• [THE PROBLEM]
Set down the data below in full and exactly, minus the pictures.

• [ENTRIES PROVIDED]
###

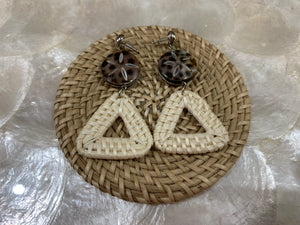 Rattan earrings with shells and wooden beads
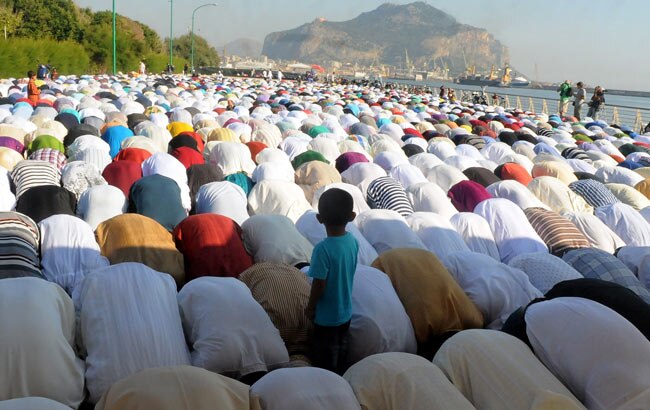 तस्वीरें: दुनियाभर में ईद की रौनक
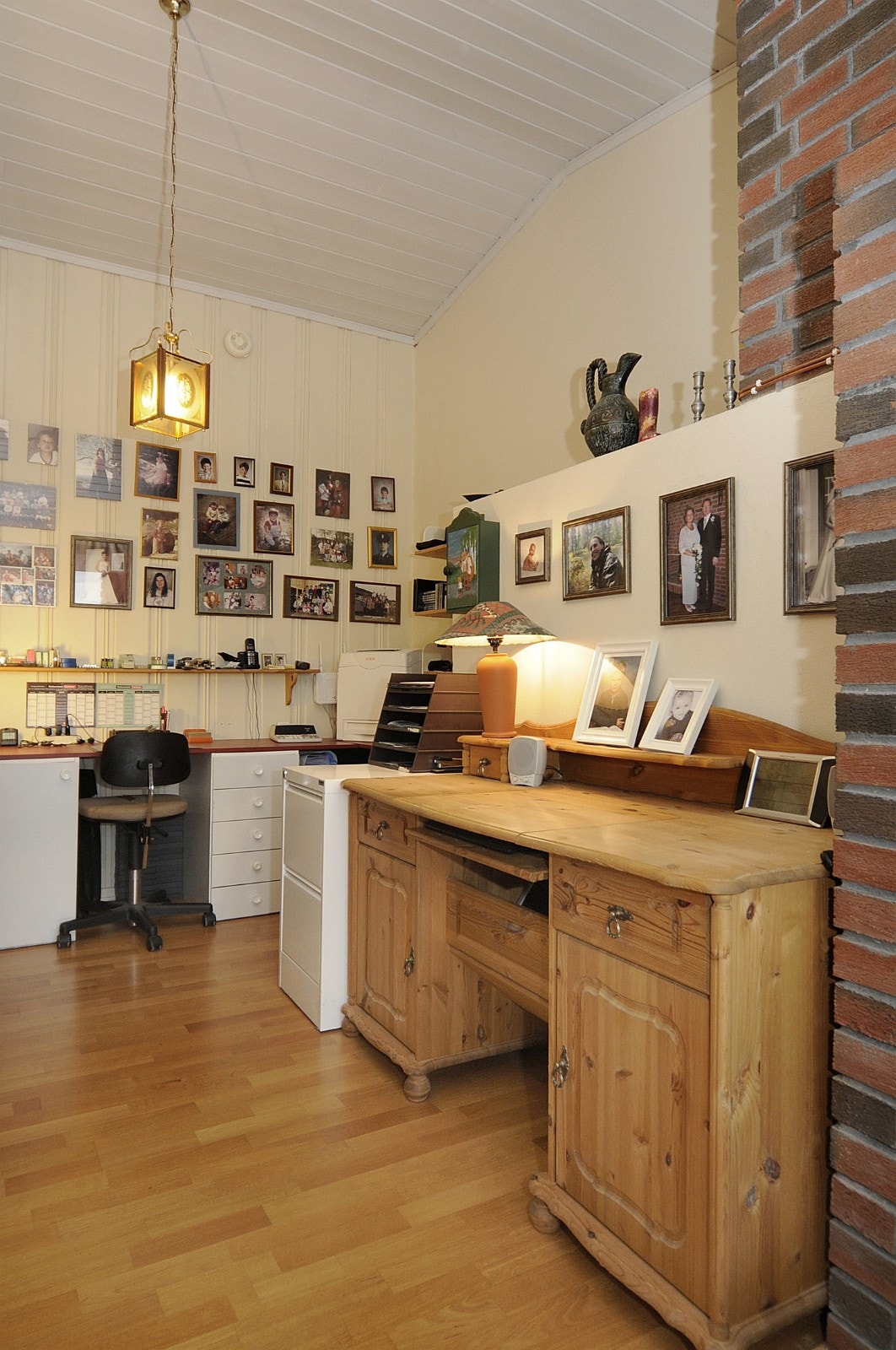 Kontorplass i forbindelse med kjøkken Galleribilde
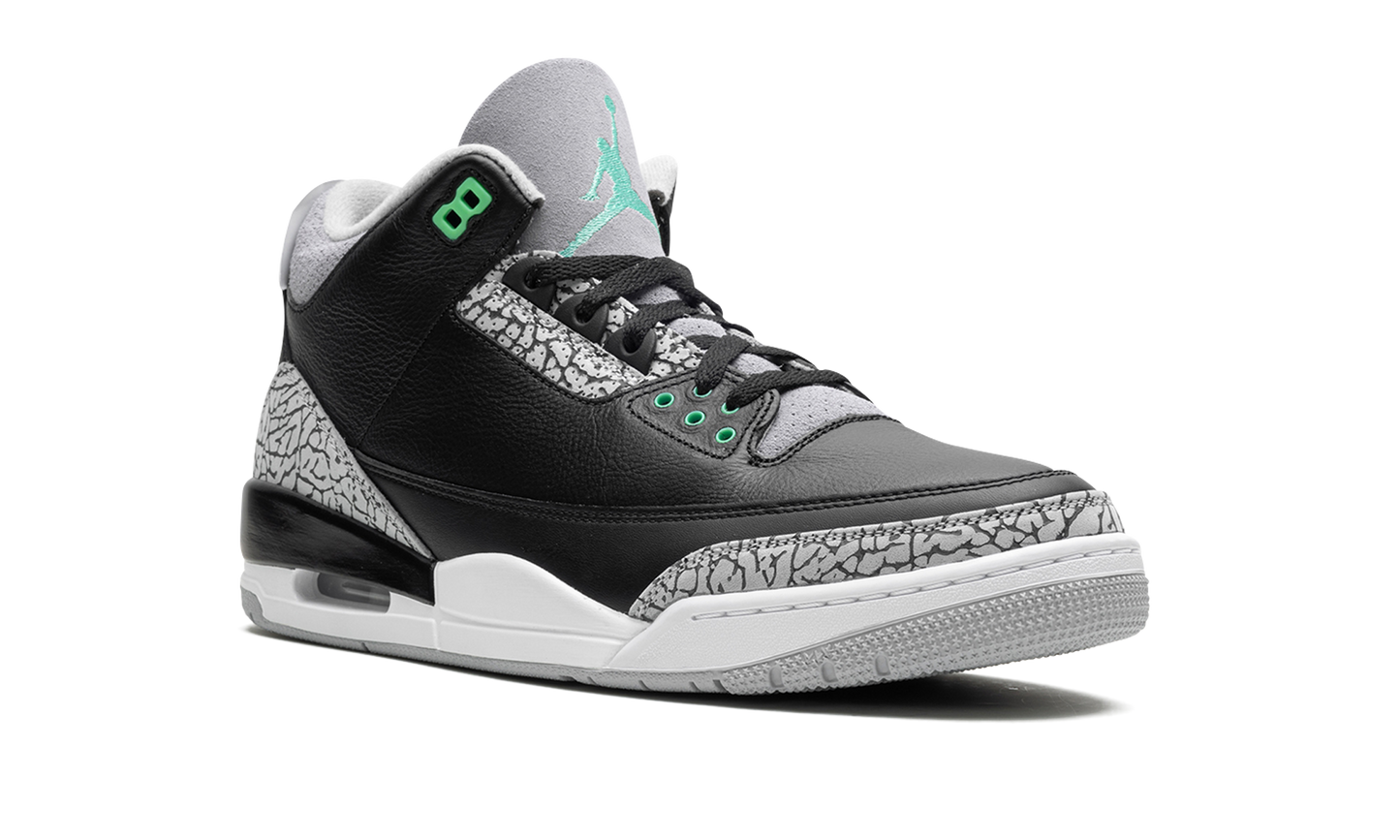 Air Jordan 3 Retro "Green Glow" CT8532 031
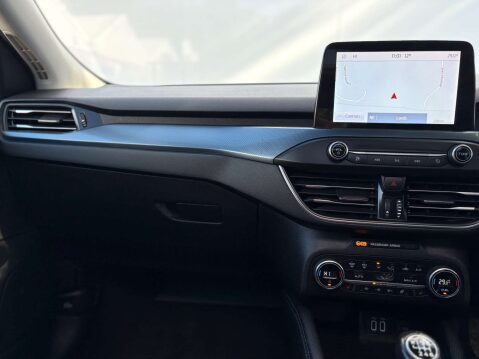 Ford Focus 1.5 Focus Active X EcoBlue 5dr 55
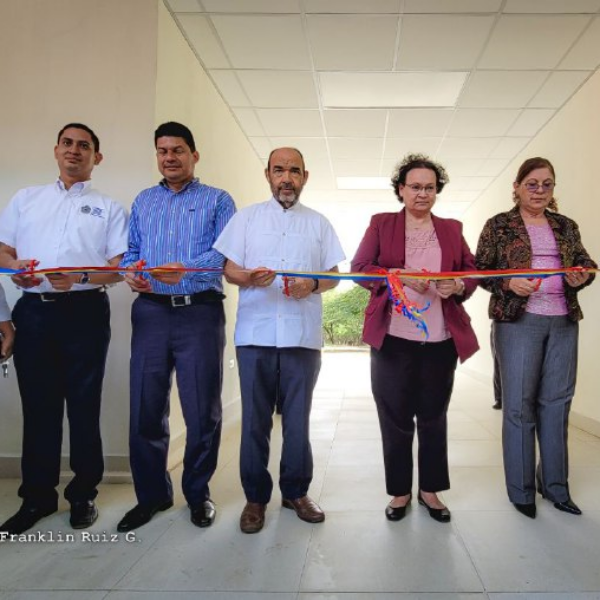 Foto de Inauguración del pabellón 72 de la UNAN Managua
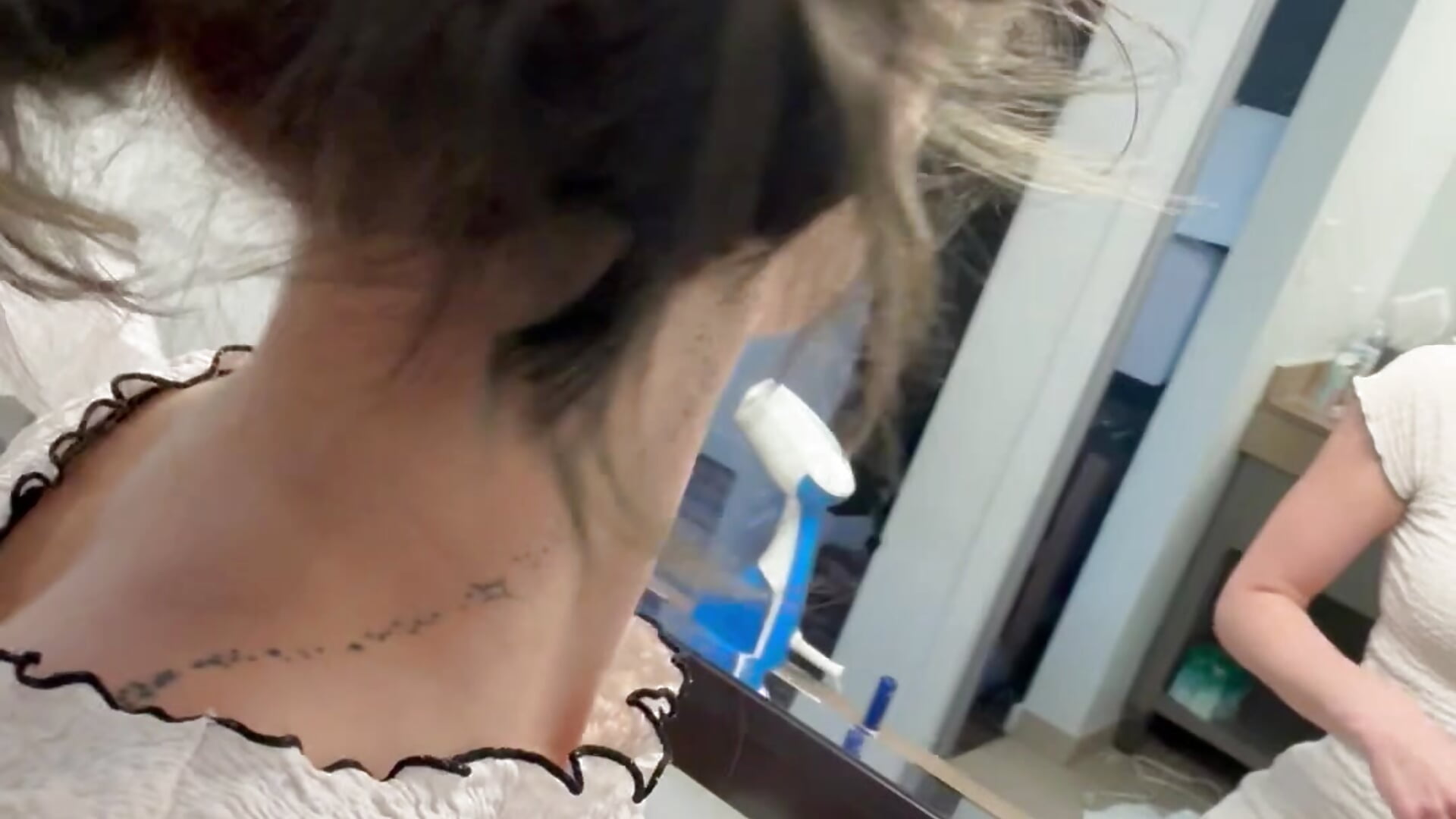 R My Buns Even?! Trying to Figure Out - video by Queen-Ella cam model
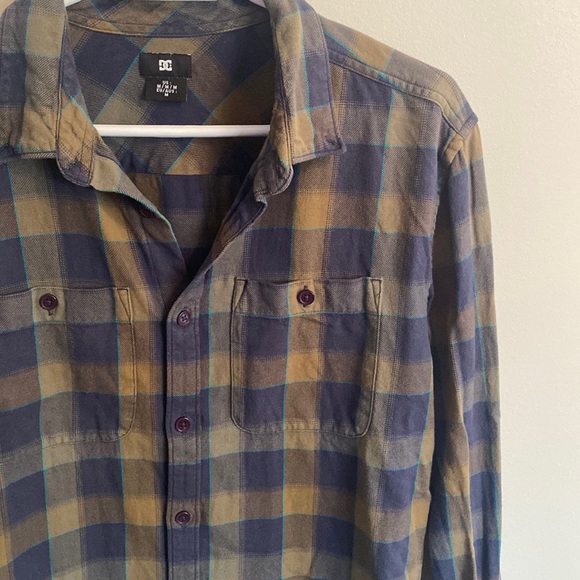 DC Button Down Flannel - Picture 1 of 3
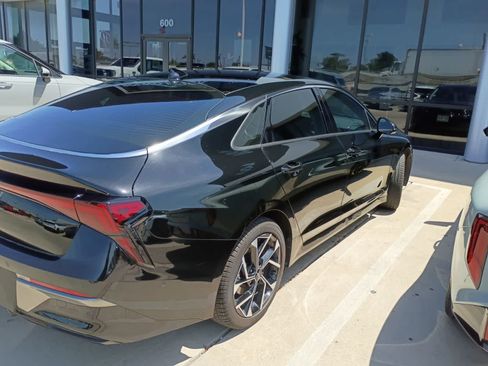 Used 2025 Kia K5 EX FWD image 6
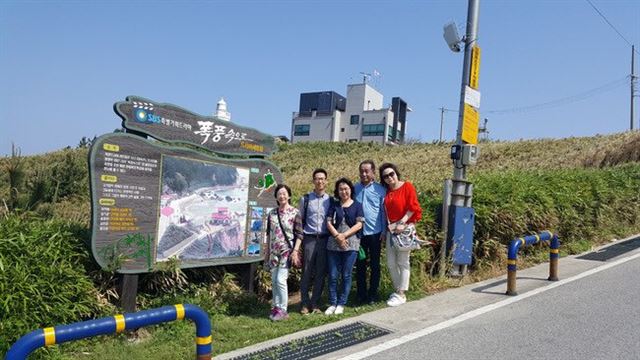 일본 여행관련 언론인 등이 지난 26일 경북 울진군 죽변면 드라마 촬영지 등을 둘러보고 있다. 울진군 제공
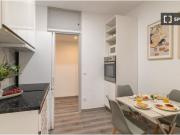 Se alquilan habitaciones en un apartamento de 5...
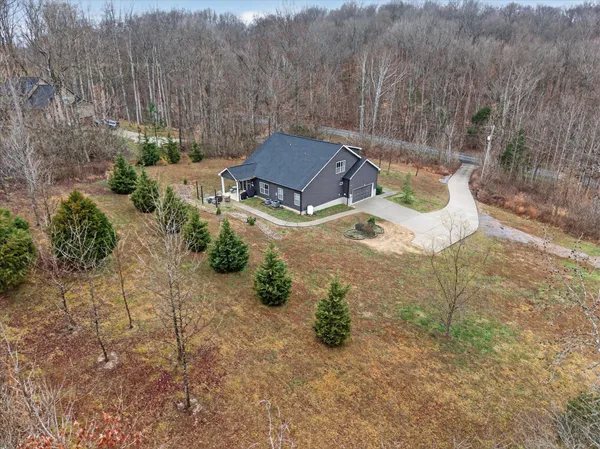 $599,900 | 2140 Palmyra Road, Palmyra, TN 37142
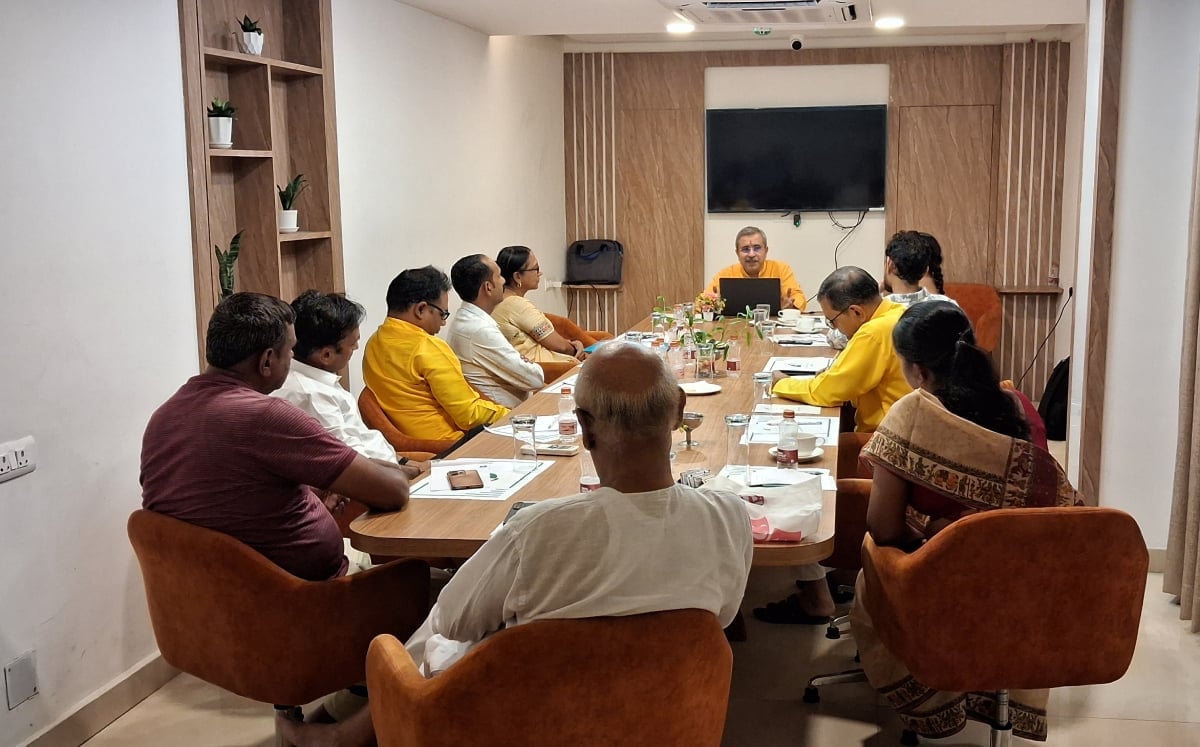 Sadguru Nilesh Singbal addresses community members seated around a conference table during a Hindu Rashtra-Jagruti Abhiyan meeting in Jharkhand.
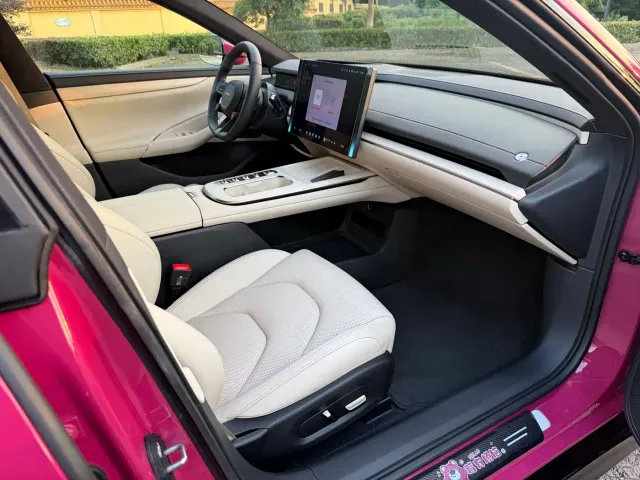 Xiaomi SU7 — Фото автомобиля 15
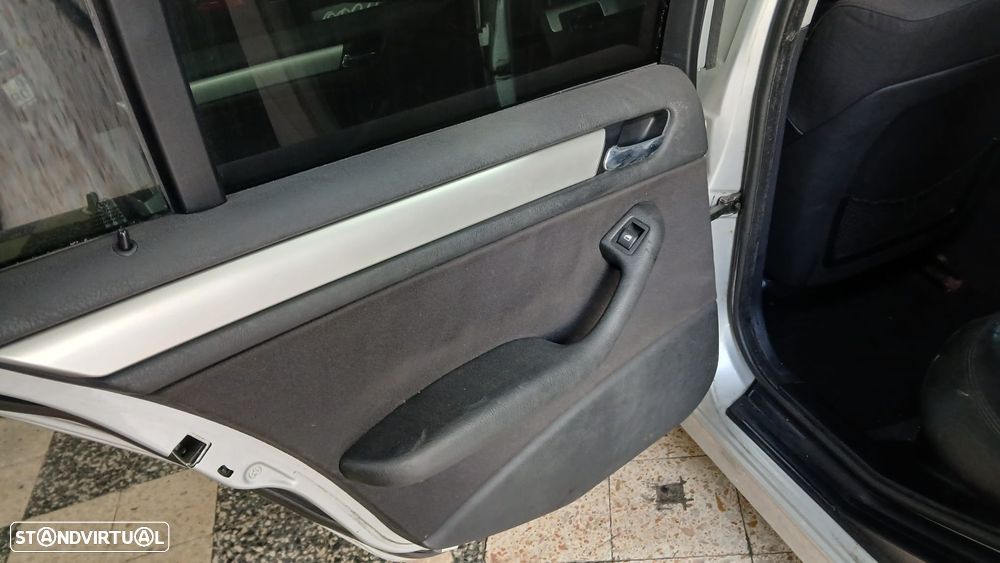 BMW 320 d Edition Sport - 7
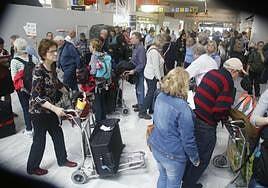 Los aeropuertos canarios alcanzan cifras récord esta Semana Santa con un 14% más de vuelos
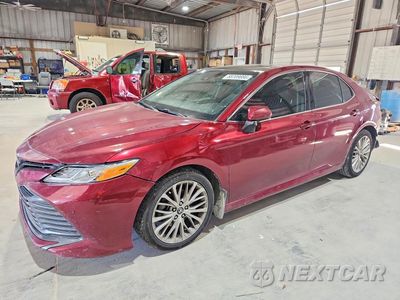 2018 TOYOTA CAMRY XLE 4T1B11HK1JU658899 - główne zdjęcie licytacji z USA - miniatura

###

• [OUTPUT FOR THIS TASK]
 Rattan earrings with shells and wooden beads
 तस्वीरें: दुनियाभर में ईद की रौनक
 Kontorplass i forbindelse med kjøkken Galleribilde
 Air Jordan 3 Retro "Green Glow" CT8532 031
 Ford Focus 1.5 Focus Active X EcoBlue 5dr 55
 Foto de Inauguración del pabellón 72 de la UNAN Managua
 R My Buns Even?! Trying to Figure Out - video by Queen-Ella cam model
 DC Button Down Flannel - Picture 1 of 3
 Used 2025 Kia K5 EX FWD image 6
 일본 여행관련 언론인 등이 지난 26일 경북 울진군 죽변면 드라마 촬영지 등을 둘러보고 있다. 울진군 제공
 Se alquilan habitaciones en un apartamento de 5...
 $599,900 | 2140 Palmyra Road, Palmyra, TN 37142
 Sadguru Nilesh Singbal addresses community members seated around a conference table during a Hindu Rashtra-Jagruti Abhiyan meeting in Jharkhand.
 Xiaomi SU7 — Фото автомобиля 15
 BMW 320 d Edition Sport - 7
 Los aeropuertos canarios alcanzan cifras récord esta Semana Santa con un 14% más de vuelos
 2018 TOYOTA CAMRY XLE 4T1B11HK1JU658899 - główne zdjęcie licytacji z USA - miniatura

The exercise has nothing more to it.